Any advice will be appreciated.
Thanks.

youngzy
  • 369
  • 2
  • 12
  • Can you better explain what you are trying to do here? Why does `abxxefyyg` match, while `abxefyyg` does not? – Tim Biegeleisen Oct 17 '19 at 01:40
  • 2
    Regex is not the best tool for the kind of problem you have described. Although the title of your question is possibly a duplicate of https://stackoverflow.com/questions/41878948/is-it-possible-to-define-a-pattern-and-reuse-it-to-capture-multiple-groups. – jrook Oct 17 '19 at 01:40
  • 1
    @Tim I believe he wants a regex that checks if both x and y occur the same number of times in a single string. So `abxxefyyg` matches because x and y both occur twice. `abxefyyg` does not match because x occurs once and y occurs twice. – Anil M Oct 17 '19 at 01:44
  • 1
    regexes are not a good solution here. See https://stackoverflow.com/questions/546433/regular-expression-to-match-balanced-parentheses – Damiox Oct 17 '19 at 01:46
  • 3
    Using a simple for loop and counting the number of occurrence of each character and then checking for condition is the best way to solve such problems not regex, IMO – Code Maniac Oct 17 '19 at 01:51
  • 1
    Does `abexxeyfyg` match? – smac89 Oct 17 '19 at 02:11
  • 1
    *"Just like `(` and `)`"* With parentheses, the order matters too, e.g. `()`, `(())`, and `()()` are all good, while `)(`, `))((`, and `)()(` are all bad. Is that the case too for `xy` pairs?

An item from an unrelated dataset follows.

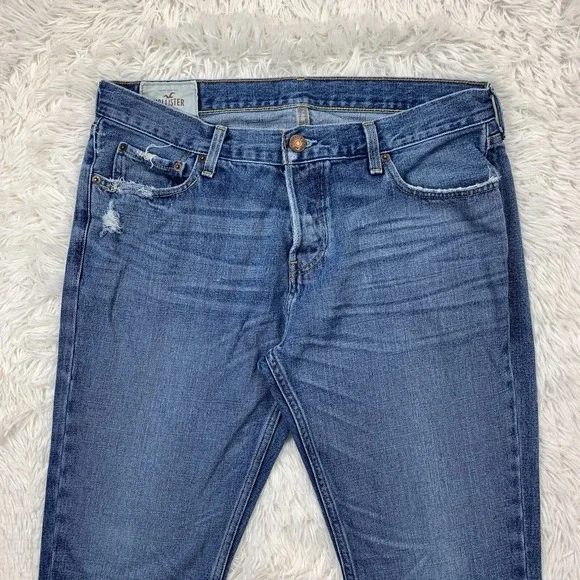 Hollister Jeans Mens 34x31 Blue Pants Classic Taper Denim Button Fly Tag 36x32 - Picture 3 of 13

If so, then regex is *really* not the right tool for the job. – Andreas Oct 17 '19 at 02:19
  • @smac89 `abexxeyfyg` does not match. `y` should be together like `xx`. – youngzy Oct 22 '19 at 14:31
  • @TimBiegeleisen The SAME occurs. `abxefyyg`, `x` 1, `y` 2. – youngzy Oct 22 '19 at 14:37
  • @jrook Almost, but not suit Java. Thanks. – youngzy Oct 22 '19 at 15:58

3 Answers3

1

I believe this is what you want.

  1. The capture group captures a single character.
  2. The \\1 is a backreference to reference what the capture group matched.

So this replaces all double characters with an empty string.

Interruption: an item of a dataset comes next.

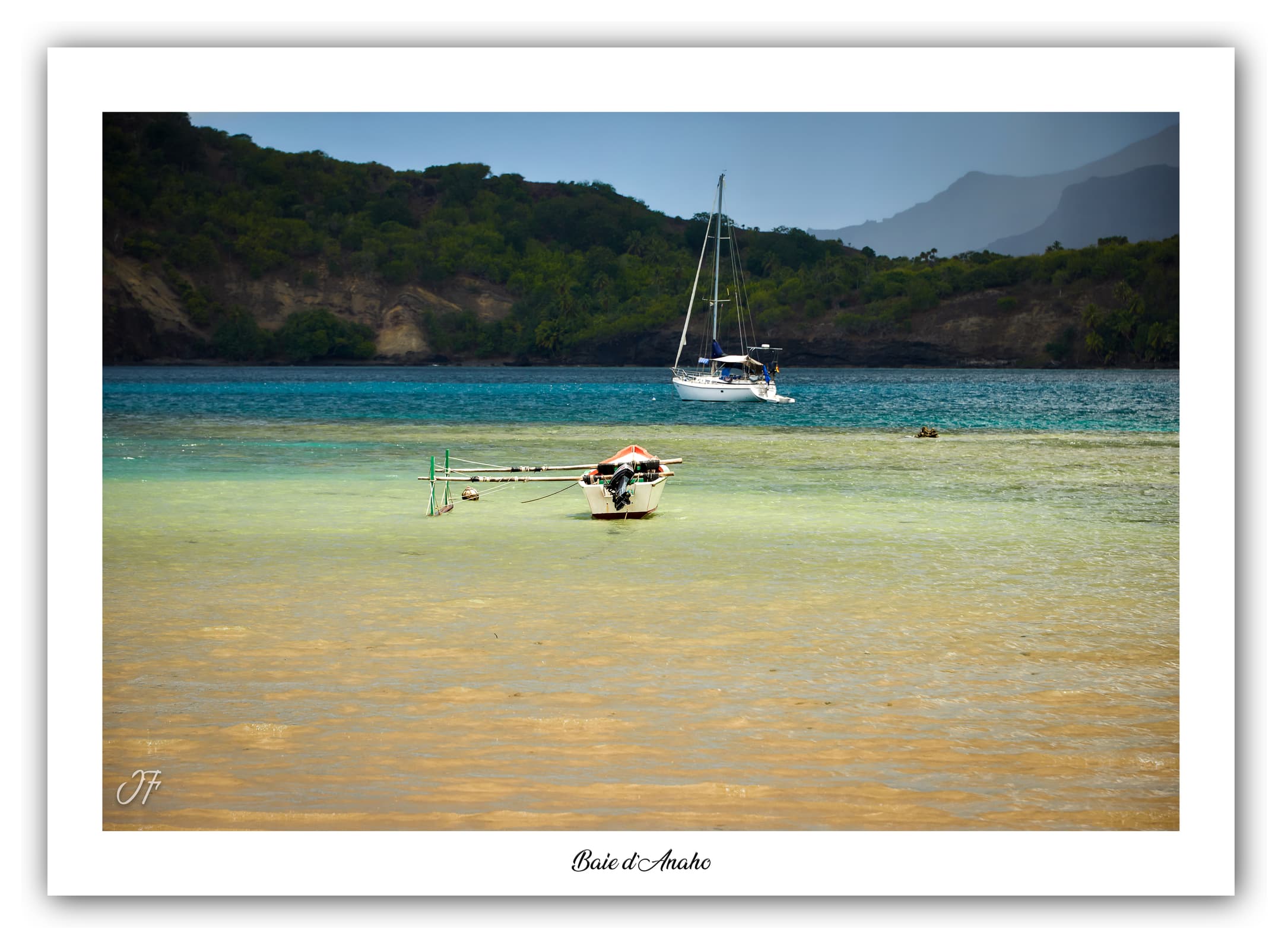 Générique Poster Baie d'Anaho (Polynésie - Océanie). Affiches Formats 30x40cm, 40x60 cm ou 50x70 cm. Impression sur Papier Photo. Décoration murale. Paysage. Océan. Îles.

      String str = "AAabbBCCeeFF--#";
      str = str.replaceAll("(.)\\1", "");
      System.out.println(str);

This prints

aB#

WJS
  • 22,083
  • 3
  • 14
  • 32
  • It's great code, but not I want. Thanks.Could I get the times that the group occurs? For example, `aaBBB`, the capture group `(.)`, for `a` the times is 2, `B` is 3. – youngzy Oct 22 '19 at 14:48
1

Just like "(" and ")"

Parentheses must be balanced, i.e. for every ( there must be a following ), and you cannot have a ) without a matching preceding (.

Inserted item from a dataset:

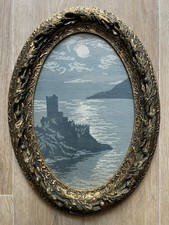 Wiehler Tapestry Castle by the Sea Cross Stitch Vintage Baroque Frame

Regex cannot do this. Just write a simple loop, and keep track of the nesting depth, e.g.

public static boolean isBalanced(String text, char startChar, char endChar) {
    int depth = 0;
    for (int i = 0; i < text.length(); i++) {
        char c = text.charAt(i);
        if (c == startChar)
            depth++;
        else if (c == endChar && --depth < 0)
            return false; // endChar without matching startChar
    }
    return (depth == 0); // check startChar without matching endChar
}

Test 1

System.out.println(isBalanced("abxefyg", 'x', 'y'));
System.out.println(isBalanced("abxefyyg", 'x', 'y'));
System.out.println(isBalanced("abxxefyyg", 'x', 'y'));

Test 2

System.out.println(isBalanced("ab(ef)g", '(', ')'));
System.out.println(isBalanced("ab(ef))g", '(', ')'));
System.out.println(isBalanced("ab((ef))g", '(', ')'));

Output from both

true
false
true
Andreas
  • 138,167
  • 8
  • 112
  • 195
0

This answer assumes that you want to assert whether a string has the same length of sequence of two different characters. Using your sample input, we can first do a regex replacement to remove any characters other than x and y. Then, split on (?<=(.))(?!\1) to generate a string array with two entries, one for the x sequence, and one for the y sequence. Finally, assert that these two strings are the same length.

String input = "abxxefyyg";
input = input.replaceAll("[^xy]+", "");
String[] parts = input.split("(?<=(.))(?!\\1)");
System.out.println(Arrays.toString(parts));
if (parts[0].length() == parts[1].length()) {
    System.out.println("MATCH");
}
else {
    System.out.println("NO MATCH");
}

This prints:

[xx, yy]
MATCH

Here is an explanation of how the regex works:

(?<=(.))   look behind and capture a single character
(?!\1)     look ahead and assert that what follows is NOT the same character

So, if we split on (?<=(.))(?!\1), then we would be splitting in between any two characters which are not the same. After doing the regex replacement on the input abxxefyyg, we would be left with xxyy. Splitting using the above pattern generates an array with two terms, xx and yy.

Tim Biegeleisen
  • 387,723
  • 20
  • 200
  • 263